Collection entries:
:::
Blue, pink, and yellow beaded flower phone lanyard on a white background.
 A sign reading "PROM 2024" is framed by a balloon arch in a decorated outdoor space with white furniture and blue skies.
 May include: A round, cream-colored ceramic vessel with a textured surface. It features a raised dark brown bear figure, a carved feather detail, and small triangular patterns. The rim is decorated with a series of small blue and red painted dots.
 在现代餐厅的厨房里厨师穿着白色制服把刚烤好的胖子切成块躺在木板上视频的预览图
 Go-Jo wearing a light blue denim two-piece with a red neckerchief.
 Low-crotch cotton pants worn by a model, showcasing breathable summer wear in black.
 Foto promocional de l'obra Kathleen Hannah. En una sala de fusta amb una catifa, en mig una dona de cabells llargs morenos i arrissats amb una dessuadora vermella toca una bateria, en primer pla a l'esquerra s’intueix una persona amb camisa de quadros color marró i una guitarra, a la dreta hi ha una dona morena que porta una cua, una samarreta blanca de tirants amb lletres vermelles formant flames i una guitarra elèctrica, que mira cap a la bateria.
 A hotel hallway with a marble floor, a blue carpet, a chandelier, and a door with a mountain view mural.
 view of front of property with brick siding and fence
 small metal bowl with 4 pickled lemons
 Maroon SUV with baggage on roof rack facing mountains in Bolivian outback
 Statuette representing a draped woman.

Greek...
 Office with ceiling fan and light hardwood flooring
:::
Task goal:
Could you output the lines above, exactly as written, from the one containing "small metal bowl with 4 pickled lemons" through the last, with both ends included and no others?

Written answer:
 small metal bowl with 4 pickled lemons
 Maroon SUV with baggage on roof rack facing mountains in Bolivian outback
 Statuette representing a draped woman.

Greek...
 Office with ceiling fan and light hardwood flooring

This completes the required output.